A carbon tax is by far the biggest revenue raiser suggest by the CBO. The office suggested 35 different revenue options for cutting the federal budget deficit, including options like increasing income taxes and imposing a minimum tax. The second-highest revenue raising option listed by the CBO is eliminating deductions for state and local taxes, which would raise $954 billion over ten years.
According to the CBO, a carbon tax would be more efficient than having the Environmental Protection Agency impose clean air regulations to lower carbon emissions. The CBO also argues that there would be “co-benefits” from taxing carbon such as lowering other harmful pollutants and emissions as the power sector switches from using coal to natural gas or nuclear power.
Critics of the carbon tax have pointed out that it would be economically harmful, as it would raise the cost of virtually every good produced. Opponents also charge that a carbon tax will just allow politicians to recklessly spend more money.
“Washington politicians have run out of other people’s money, so they need a new source,” Daniel Kish, senior vice president of policy at the Institute for Energy Research. “Anybody who thinks that Washington isn’t coming after a carbon tax must live in a jurisdiction where pot is legal for recreational use.”
“All that does is hurt the poorest among us, it doesn’t hurt Al Gore, it doesn’t hurt the people at the CBO,” Kich added. “It hurts the people on the lowest rung of the economic scale that the president says he’s trying to help.”
The CBO’s carbon tax advocacy also comes as the Obama administration continues to implement its “social cost of carbon” (SCC) estimate. The SCC puts a monetary value on the economic damages caused by increased carbon dioxide emissions and must be used by federal regulatory agencies when calculating the costs and benefits of regulations.
The White House has repeatedly denied having plans to implement a carbon tax, but earlier this year the Obama administration quietly raised its SCC estimate from $21 per metric ton to $35 per metric ton — higher than the hypothetical $25 per ton carbon tax used by the CBO.
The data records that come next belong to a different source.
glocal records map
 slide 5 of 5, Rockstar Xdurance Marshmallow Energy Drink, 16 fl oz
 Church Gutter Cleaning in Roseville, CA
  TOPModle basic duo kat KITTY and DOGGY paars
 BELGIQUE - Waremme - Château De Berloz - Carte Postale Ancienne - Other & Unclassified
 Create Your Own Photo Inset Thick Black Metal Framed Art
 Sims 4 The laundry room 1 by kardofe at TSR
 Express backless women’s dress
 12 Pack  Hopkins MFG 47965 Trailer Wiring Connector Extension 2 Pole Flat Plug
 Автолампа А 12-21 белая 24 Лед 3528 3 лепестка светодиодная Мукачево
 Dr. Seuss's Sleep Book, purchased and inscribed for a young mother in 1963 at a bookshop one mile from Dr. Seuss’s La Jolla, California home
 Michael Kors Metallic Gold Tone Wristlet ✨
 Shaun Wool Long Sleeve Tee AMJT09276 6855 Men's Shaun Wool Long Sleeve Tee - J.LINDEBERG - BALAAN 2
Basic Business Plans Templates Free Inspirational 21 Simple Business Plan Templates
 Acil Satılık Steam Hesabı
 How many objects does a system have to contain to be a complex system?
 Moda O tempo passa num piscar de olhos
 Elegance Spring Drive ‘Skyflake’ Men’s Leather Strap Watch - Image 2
“It’s a proxy for a carbon tax,” Kish said. “They don’t want it to be the price the CBO uses, they want it to be a little higher, so they can say ‘it’s lower than the social cost of carbon.’”
There is little chance that lawmakers would pass a carbon tax outright, as House Republicans have been heavily opposed to such efforts. In the Senate, Republicans, along with some energy state Democrats, have also come out against a carbon tax.
However, California Democratic Sen. Barbara Boxer has said she will push for a carbon tax as both parties enter negotiations about how to reform the U.S. tax code to make it more efficient. Carbon tax supporters have floated the idea of imposing a carbon tax in exchange for lowering other tax rates — something Republicans might go for as part of a grand tax bargain.
“There’s one thing for sure, there is a bullseye that’s being painted by the U.S. government on Americans’ wallets,” Kish added. “Taking a trillion dollars to spread around and buy votes.”
Even the CBO puts forward some arguments against the carbon tax as well, saying that it would burden the economy with increased costs on goods made with fossil fuels — which is most goods we consume — while yielding uncertain benefits. Furthermore, the CBO notes that U.S. efforts to cut emissions could be undercut by carbon-heavy energy production moving outside the U.S. to other countries with lower environmental controls.
“More generally, averting the risk of future damage caused by climate change would depend on collective global efforts to cut emissions,” according to the CBO. “Most analysts agree that if other countries with high levels of emissions do not cut those pollutants substantially, reductions in emissions in this country would produce only small changes in the climate.”